I owe this piece to Felicia my brilliant former PhD’s student. She sometimes asks my thoughts on various topics and what I wrote was triggered by one of our conversations.

In academia I have a soft spot for the postdocs [1] in their early thirties. Fresh out of their PhD, they have often acquired the maturity to become excellent problem solvers AND they still have the technical abilities to allow them to convert fairly quickly their thoughts into actions. This age group is also the one which goes through the academic hiring grinding machine. The applications and requirements for tenure track positions may vary from one country to another, however there is a common denominator to all of them that takes the shape of a substantial checklist which ressembles:


  • Number of published papers.

  • Number of international conferences and seminars.

  • Responsibilities and convenerships.

  • Outreach and engagement with society.

  • Participation in peer review

  • Organising committees.


The list goes on. The necessity of a list can be rationalised for the sake of hiring committees and commissions that need some criteria to differentiate between almost equally excellent candidates.

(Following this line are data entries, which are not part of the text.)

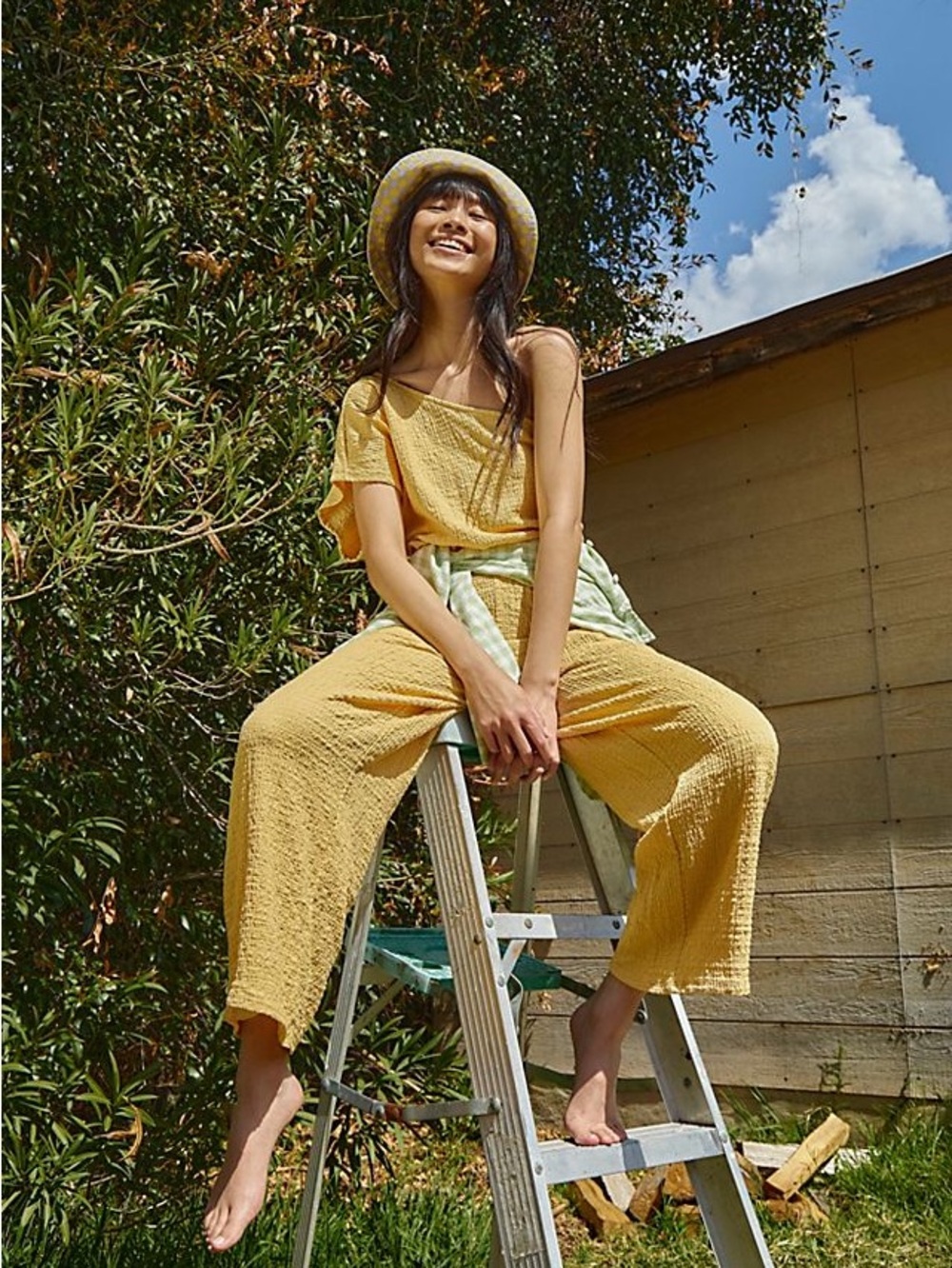 Free People Gia Set - Mustard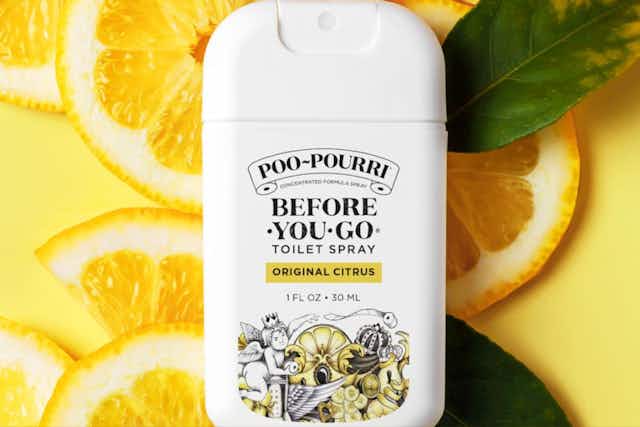 Poo-Pourri Before-You-Go Toilet Spray, as Low as $3.56 on Amazon card image
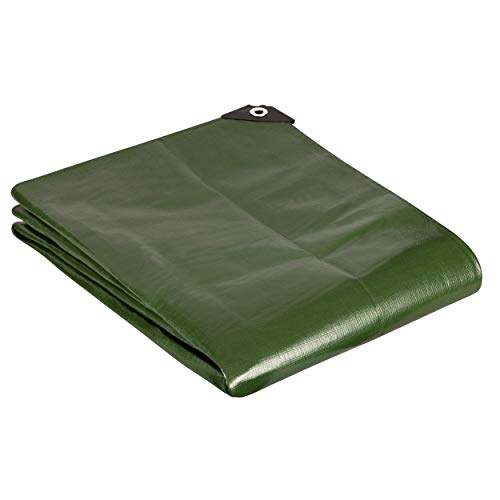 Lona de protección Premium verde  3 m x 4 m 200 g/m2 | Funda protectora | Lona impermeable. GardenMate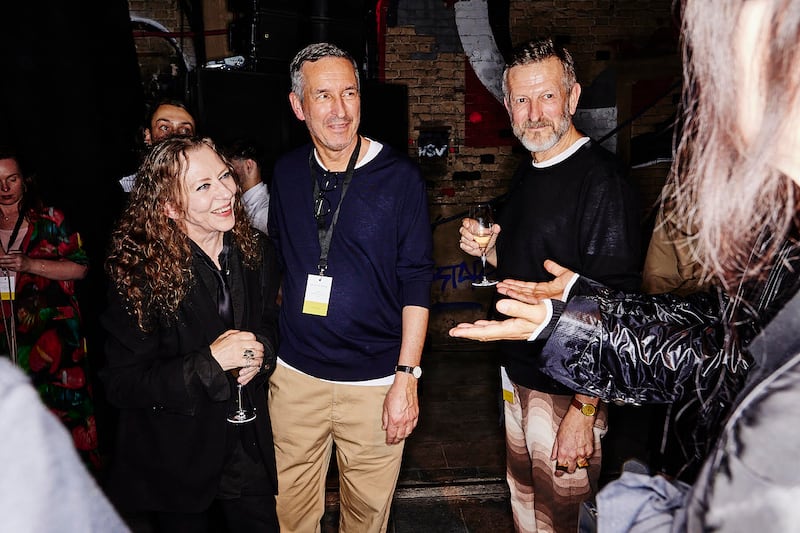 Dries Van Noten backstage.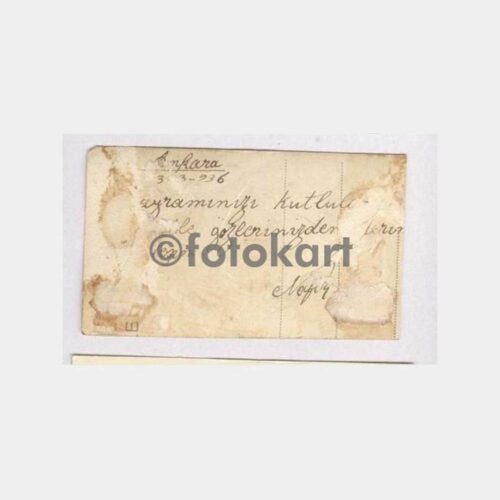1936 Ankara Yenişehir Görünüş Tebrik Fotokart - Görsel 2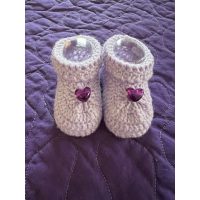 Lavender Baby Booties — New — Mineola, TX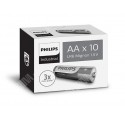 Pila alcalina PHILIPS Industrial LR6, AA (Caja de 10 unidades)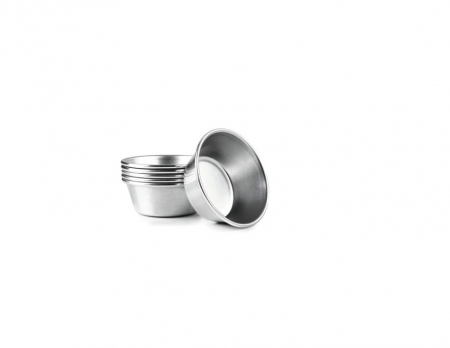 Tavi si forme prajituri - Set 6 forme prajituri Ibili-Aluminio, aluminiu, 7x3 cm, argintiu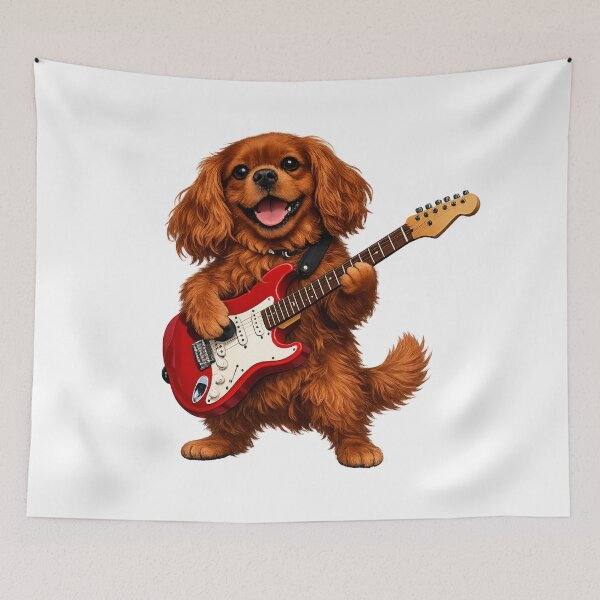 Item preview, Electric guitar playing Ruby Cavalier designed and sold by SpottyRainbow.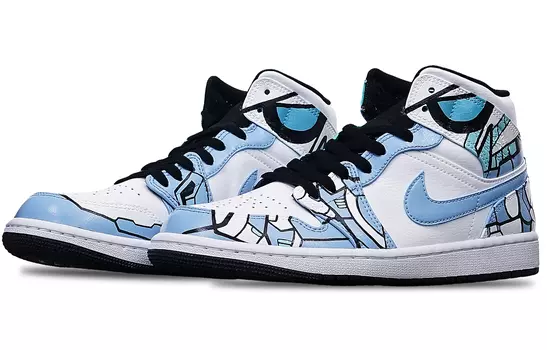 Jordan Air Jordan 1 винтажные баскетбольные кроссовки мужские, Light Blue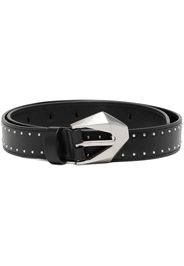 Ports 1961 studded leather buckle belt - Nero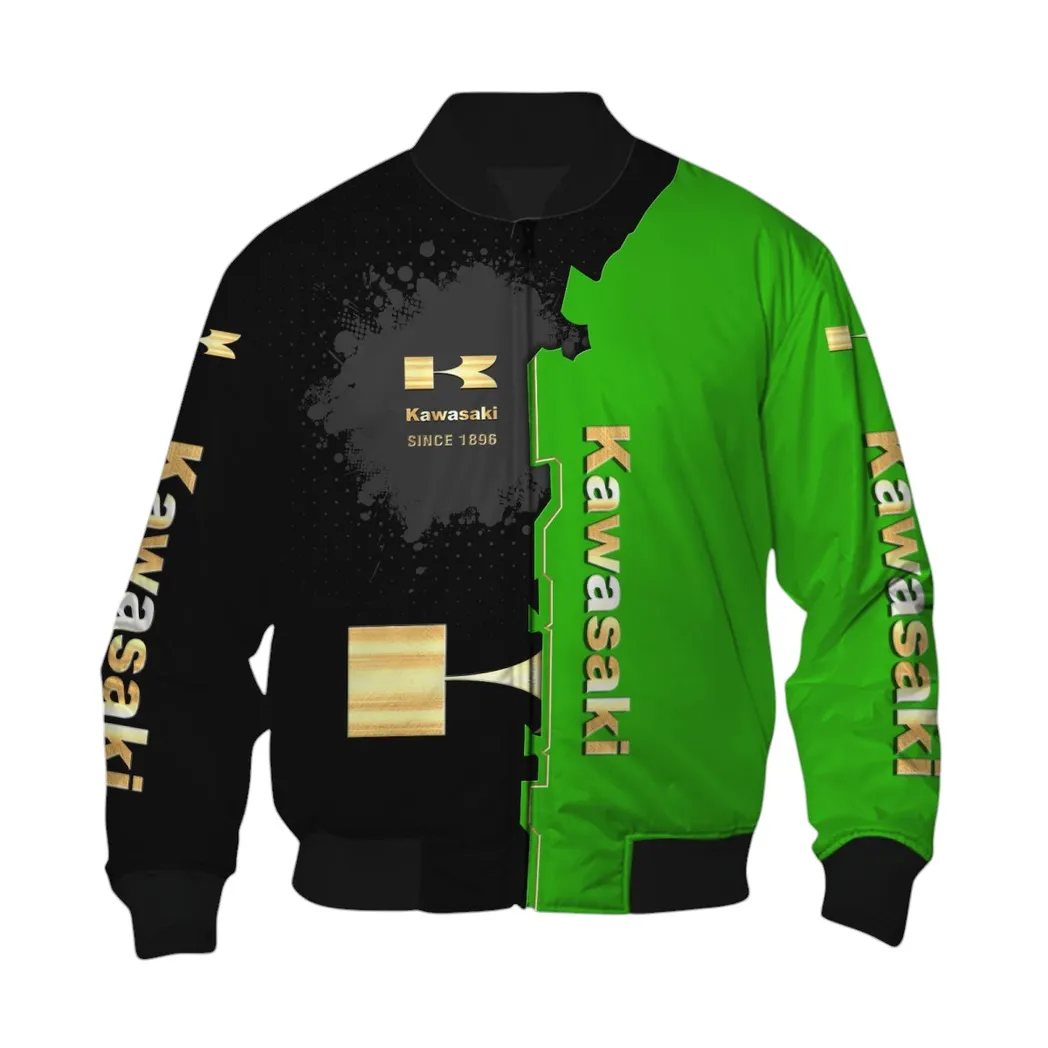 Kawasaki Bomber Jacket, Gift For Kawasaki Lovers, Gift For Him, Husband, Boyfriend CAR44021725046-6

The underlying trap of the CV checklist is that is that some “CV points” are like mushrooms in a Mario Kart video game [2]. It becomes very tempting to chase the easy ones, have a dopamine hit and the satisfaction that comes from the moral equivalent of the green tick mark.


The issue though is that in said check list not all entries have the same value or weight, in terms of time and energy investment but more importantly in terms of scientific impact.

The list in itself is not inherently problematic. However in the early years of postdocs it is not always a trivial exercice to prioritise work. There are 24h in a day, in practice this implies that we can’t be always 100% on all the fronts at once. The wave function must collapse somewhere. Yet some routes may appear shiner than others. Navigating these options in a world in constant motion when being pulled by sometimes opposite forces : what the boss wants, what the group needs, what the system asks, etc. is not a trivial exercice.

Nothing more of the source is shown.